Based on a Pulitzer Prize winning book by Douglas Blackmon called Slavery by Another Name: the Re-enslavement of Black Americans in America from the Civil War to World War II. The program undertakes a historical approach- beginning during the period of Reconstruction, with the U.S. on the brink of economic failure. Instead of being a period of African American social and political ascendancy, Southern States resorted to underhanded tactics to preserve the status quo – such as debtors’ peonage, convicts leased to private businesses, and forced convict labor in operations run by the state.
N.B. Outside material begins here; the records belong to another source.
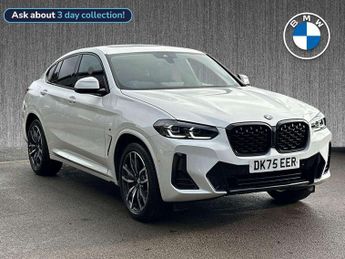 BMW X4 Xdrive20D Mht M Sport 5Dr Step Auto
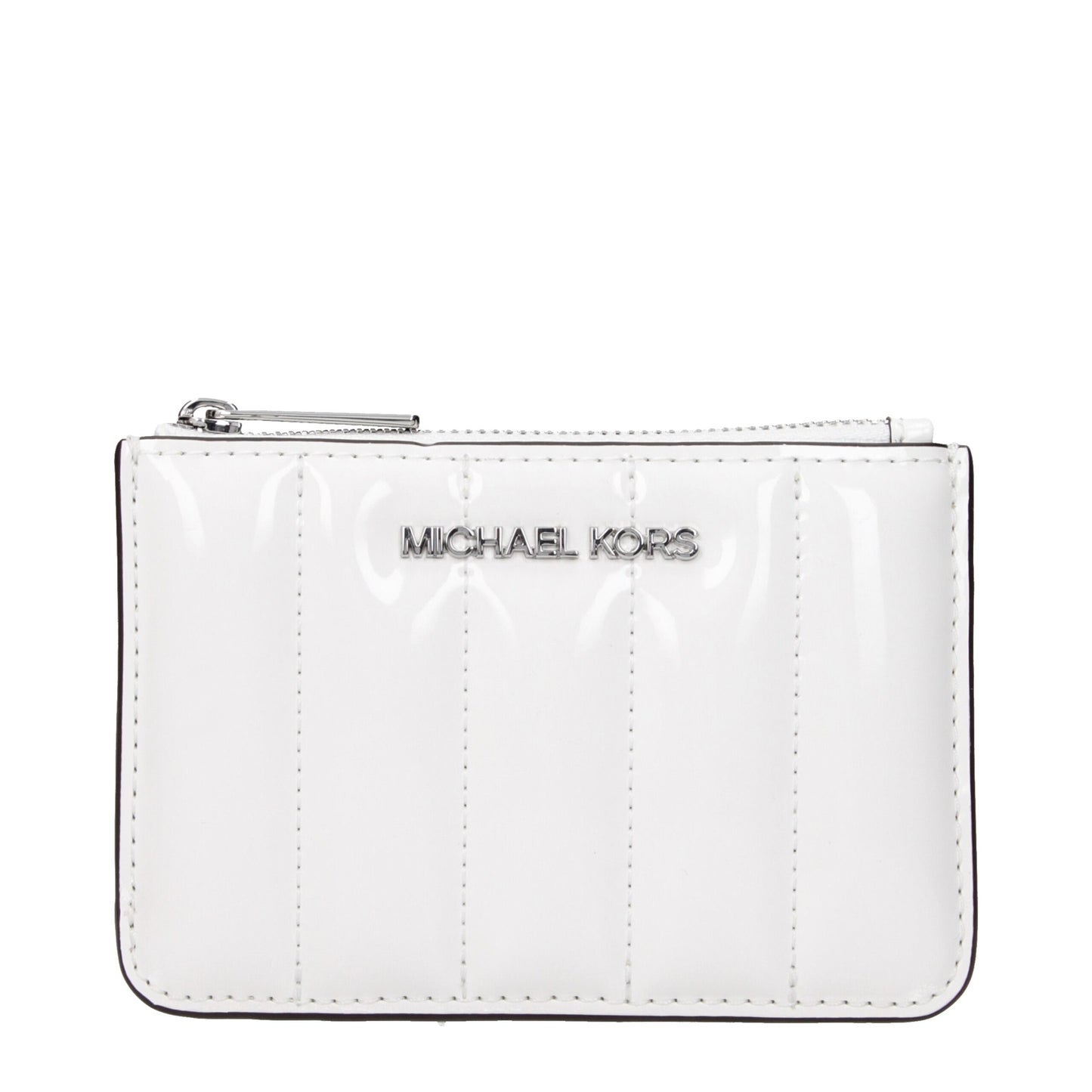 White Leather Wallet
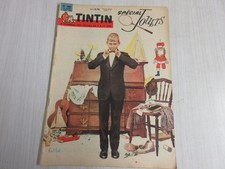 TINTIN 685 07.12.1961 SPECIAL JOUETS BD Le MONDE des AUTOMATES Mr de VAUCANSON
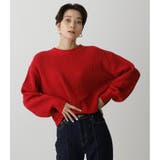 RED | SHORT COLOR KNIT | AZUL BY MOUSSY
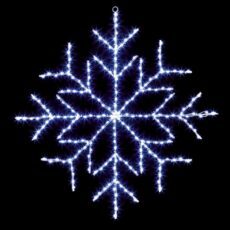 5053844384633 1 Flexibrights 76cm Twinkling Light Up Snow Flake Christmas Decoration White.jpg
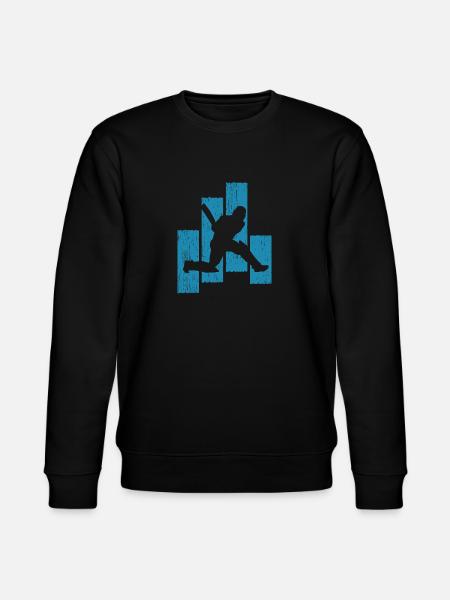 cricket - Stanley/Stella CHANGER Unisex Organic Sweatshirt - black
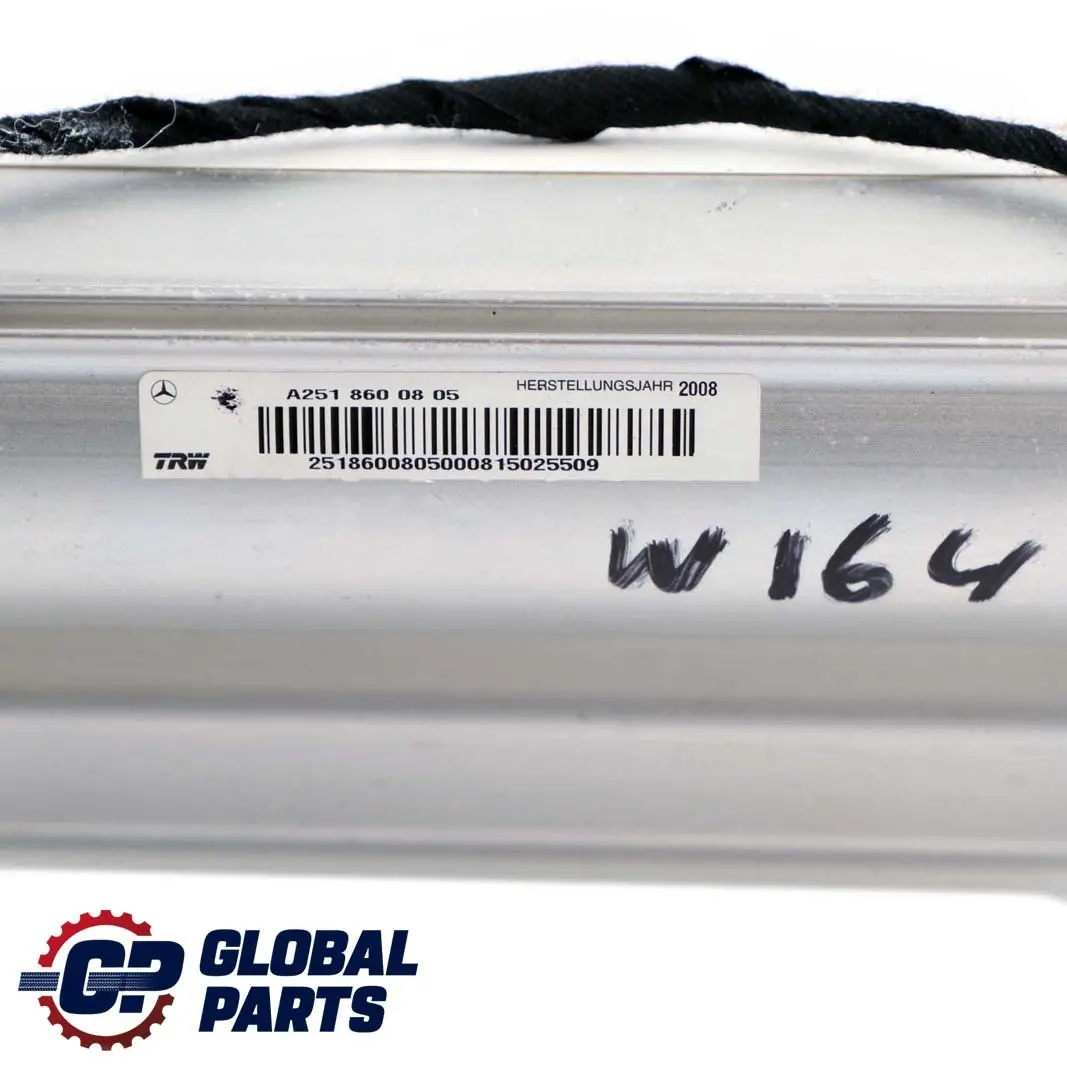 Przednia Poduszka Pasażera Airbag do Mercedes ML W164 o numerze A2518600805 Mercedes ML W164 Przednia Poduszka Pasażera Airbag - SKU A2518600805 - Numer Części A2518600805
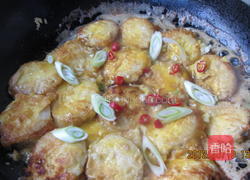 锅塌菇盒的做法图解8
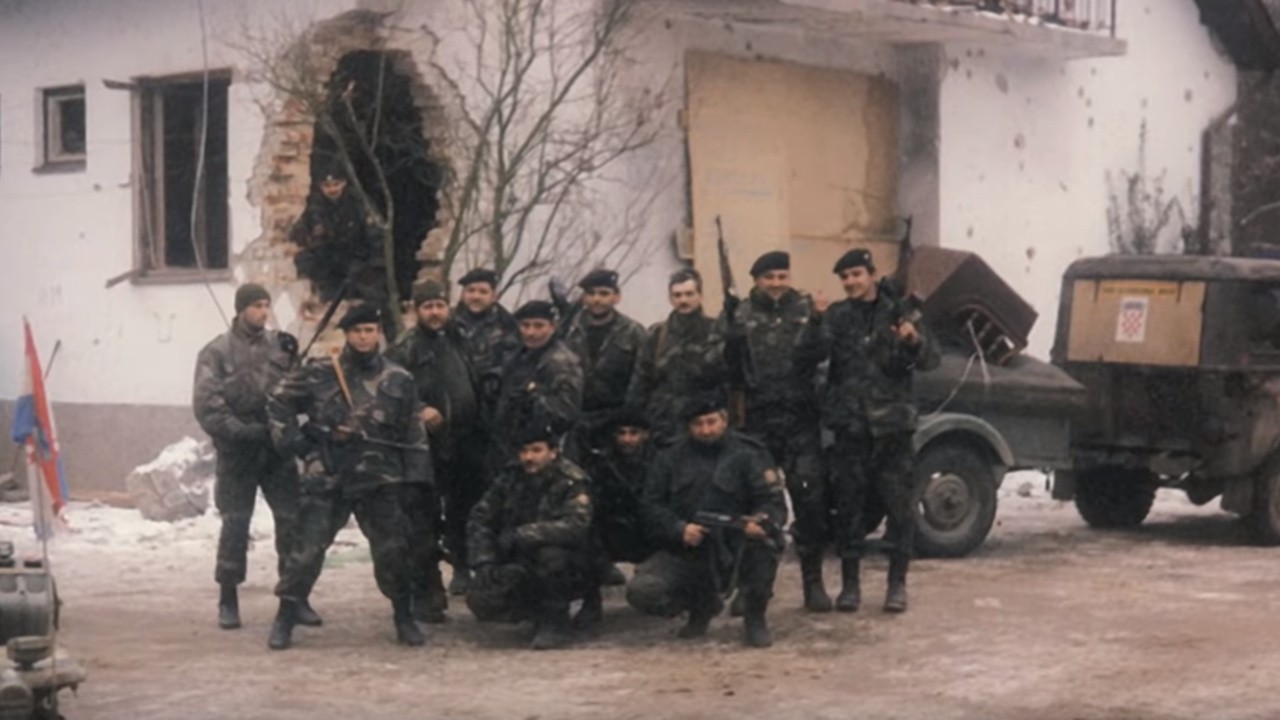 151 Samobor Brigade in the Patriotic War 1991-1995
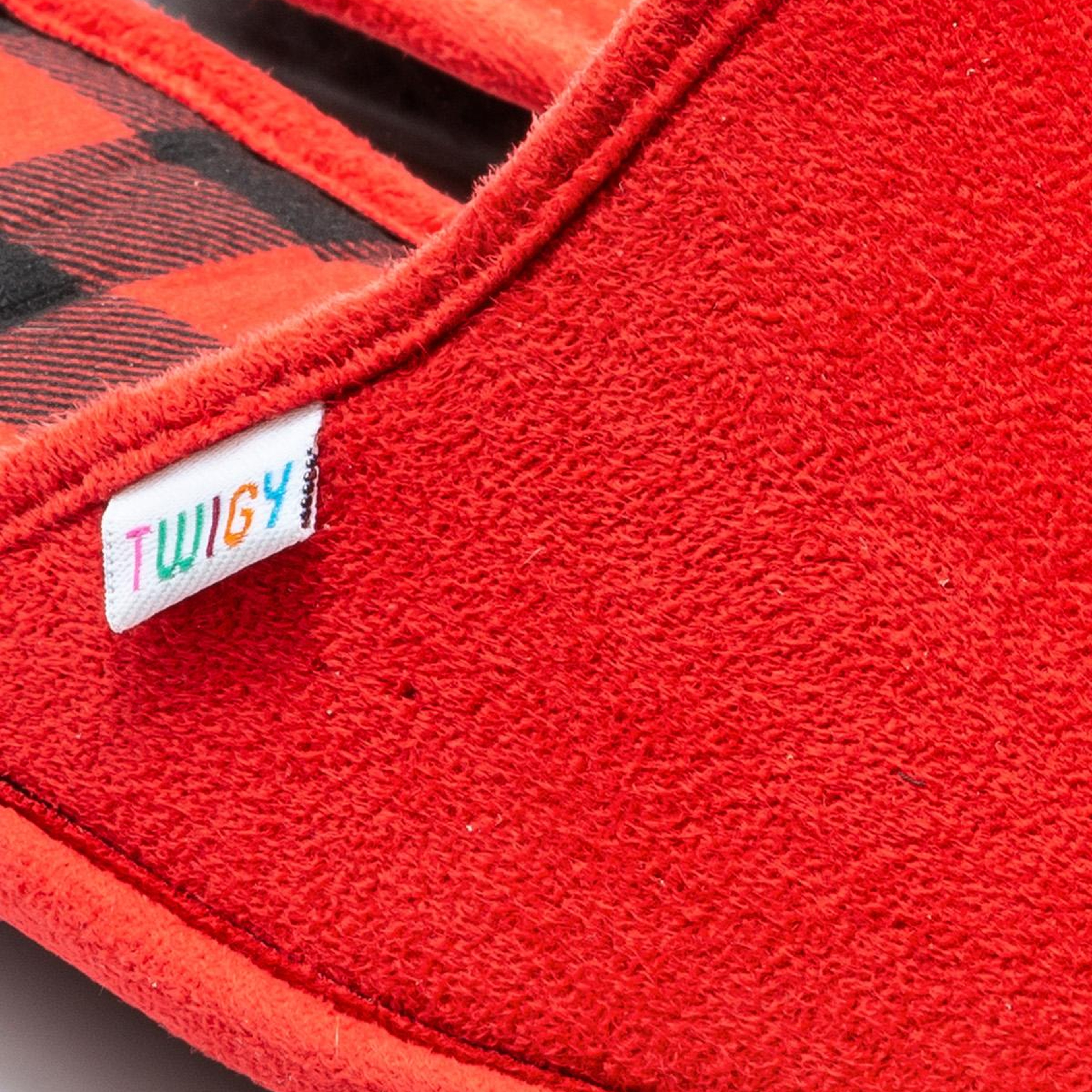 Alic Kadın,Garson Boy Ev Terliği Kırmızı 36/41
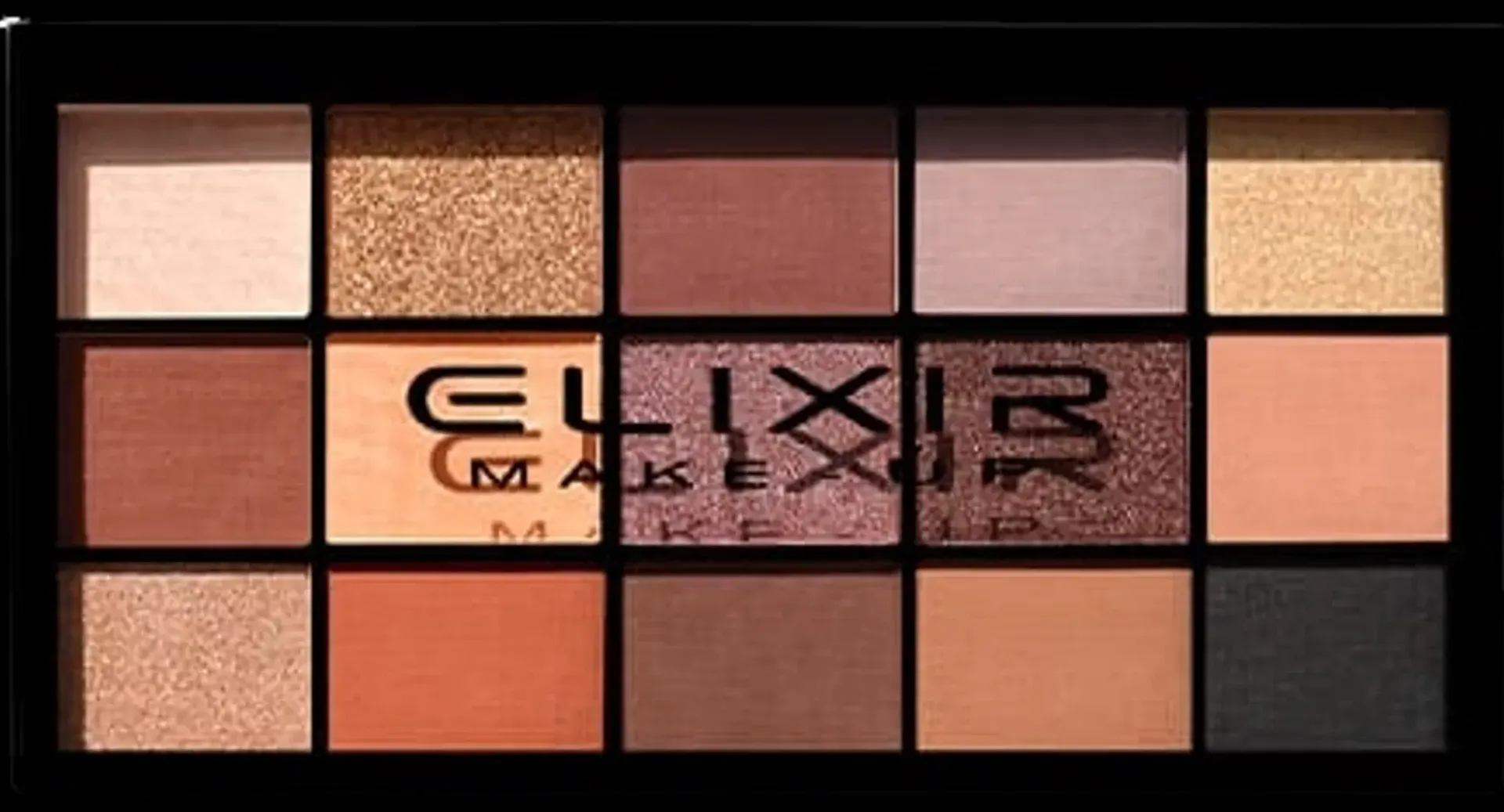 Elixir Silmämeikit<Eyeshadow Palette Toffee luomiväripaletti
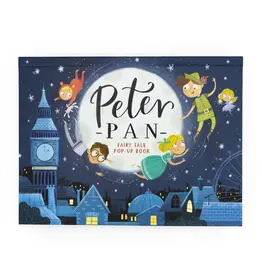 Robert Frederick Ltd Pop-Up Book, Peter Pan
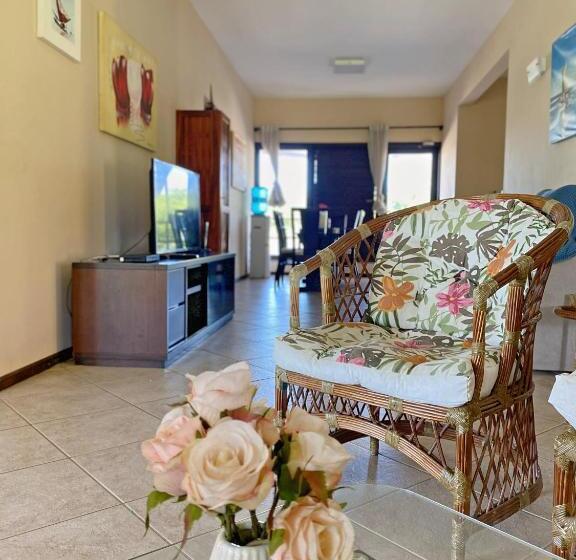 בית מלון כפרי Dream Beach Cumbuco Oceanfront Apartments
In the program, Pollard leads the audience on a chronological tour of this disturbing history.

 

The Two Nations of Black America: Explore the Gaping Chasm Between Upper and Lower Classes of Black America

– Henry Louis Gates, Jr.

2008

Frontline correspondent and Harvard scholar Henry Louis Gates, Jr. examines the widening gap between the upper and lower classes of black America while exploring just how we could simultaneously have the largest black middle class and largest black underclass in the history of the United States. By intertwining his own life story against that of young African Americans coming of age in the early 21st Century, Gates compares the choices that he was faced with as a young man against the choices that the youth of today are faced with.

 

White Like Me

– Tim Wise

2013

Based on the book of the same name, in this 68-minute anti-racist educator Tim Wise focuses on the concept of white privilege and provides a necessary history lesson for whites on how race-based entitlement programs built the American middle class.

 

Whose Streets?

– Directed by Sabaah Folayan & Damon Davis

2017

Told by the activists and leaders who live and breathe this movement for justice, an unflinching look at the Ferguson uprising. When unarmed teenager Michael Brown is killed by police and left lying in the street for hours, it marks a breaking point for the residents of St. Louis, Missouri. Grief, long-standing racial tensions and renewed anger bring residents together to hold vigil and protest this latest tragedy. Empowered parents, artists, and teachers from around the country come together as freedom fighters. As the National Guard descends on Ferguson with military grade weaponry, these young community members become the torchbearers of a new resistance.